Having a couture gown made is quite an involved process, and a time
consuming one. Josephine starts her process by having clients come
in and try on different gowns that she already has. She asks them to
try on the gowns that they like, and then if they haven’t chosen
dresses that suit their shape she will step in and advise them on a
better choice.
“Eight times out of ten, the gown is correct. But I always give my
honest opinion. That is part of being a couturier, working to the
shape of the body and making the body look the best it can. So when
they first come in, I look at shape, design and colour.
“Girls, on occasion, come in and may have an idea and always
ask if I can elaborate on that and that’s where I start to point
them in direction of shape, and then we start to talk about detail.
It is always those stages: shape, design, detail and colour.”

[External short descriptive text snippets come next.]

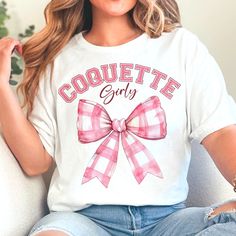 a woman sitting on a couch wearing a t - shirt that says coquette gay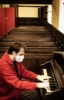 Felix playing the Bellows organ during a visit 2020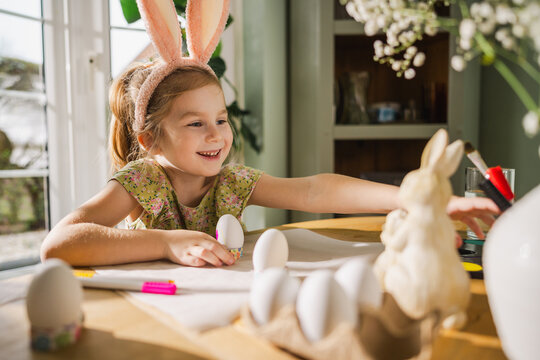 Child with bunny ears coloring Easter eggs at home in spring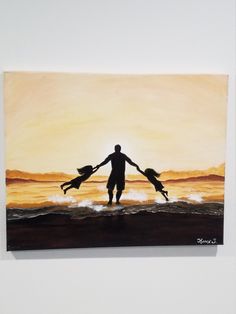 a man and two children holding hands while standing in the ocean at sunset with their arms around each other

Josephine allows for two free fittings to work out dress designs to
suit a client, and if they place an order there is then a further
four appointments required. These appointments are to go through and
check the progress of foundation, shape, detail and then the final
gown.
The length of time the dress takes to make depends on the individual
design, but Josephine prefers to have six to eight months to work on
and perfect the dress, although most girls give her less time than
that. And it takes longer if she has to import lace and particular
materials. She also does all the beading on the dresses herself. “I
don’t work mass here, I work quality,” she says.
Most of her designs are inspired by the customers themselves. “I
might have customers that come in and they have mixed and matched
dresses of mine, and I decide that I like it, and realise that would
suit quite a few body shapes, so I go ahead and make it as a sample.

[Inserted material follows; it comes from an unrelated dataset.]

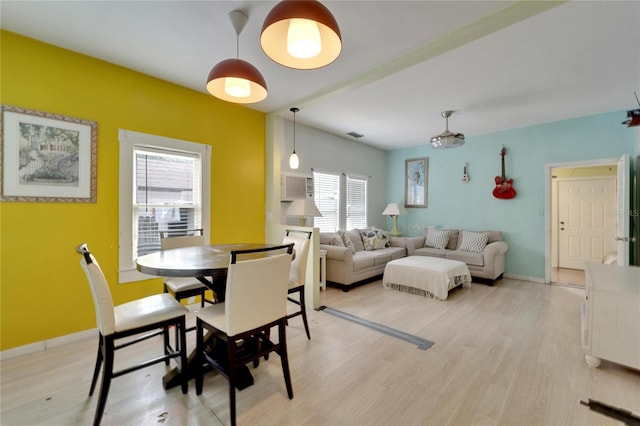 dining space featuring hardwood / wood-style flooring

“I suppose if I have to draw inspiration I will always go back to
40s and 50s Balenciaga, he was just out of this world.”

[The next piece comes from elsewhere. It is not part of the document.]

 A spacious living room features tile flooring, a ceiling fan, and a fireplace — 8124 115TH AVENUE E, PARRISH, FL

She also gets ideas from watching events like the Oscars, and
sometimes overseas magazines. Her designs tend to be more classical
and timeless however, rather than changing with the fashions. “I
like to think my gowns are not going to date and take on the
timeless element, so when I make a dress for a girl, I hope that she will look
back at it, and still think it looks gorgeous.
“What I find is that people are really going for classical designs,
a lot of elongated bodices, whether it be on a slimmer line skirt or
on a fuller skirt, but not so much detailing on the skirt itself,
just on the bodice. “People are going for very classical, timeless
lines, giving a great shape around your waistline. That’s what
people look at when you’re walking down the aisle – the waist area,
and if that looks great, then they look at other areas. That’s why I
concentrate on the bodice element.”
Josephine has won 14 Australian Bridal Industry Awards (ABIA) during
her time in the industry, and won the 2009 Designer & Couture Gown
Award. She was inducted into the ABIA Hall of Fame at the 2009
Awards and attributes her success to her passion and the rapport she
builds with her clients. “I love my job. I have passion and that is
what has made me succeed. I have won a lot of awards because I
really love my job.
“To me it is the satisfaction of a girl coming in, whatever shape
and size, and at the end of the day I create a gown that will
enhance their shape and make their waistline look smaller, and they
walk out with more confidence. They always say, ‘why hasn’t anyone
else mentioned this to me?’ And I say, ‘well they are retailers, I
work as a true Couturier.'
“They are not my customers, they are my girls. They always send me
photos for my website, or my folios, which I display. I would like
to think in the next 20 years I will still be doing this,” Josephine
says.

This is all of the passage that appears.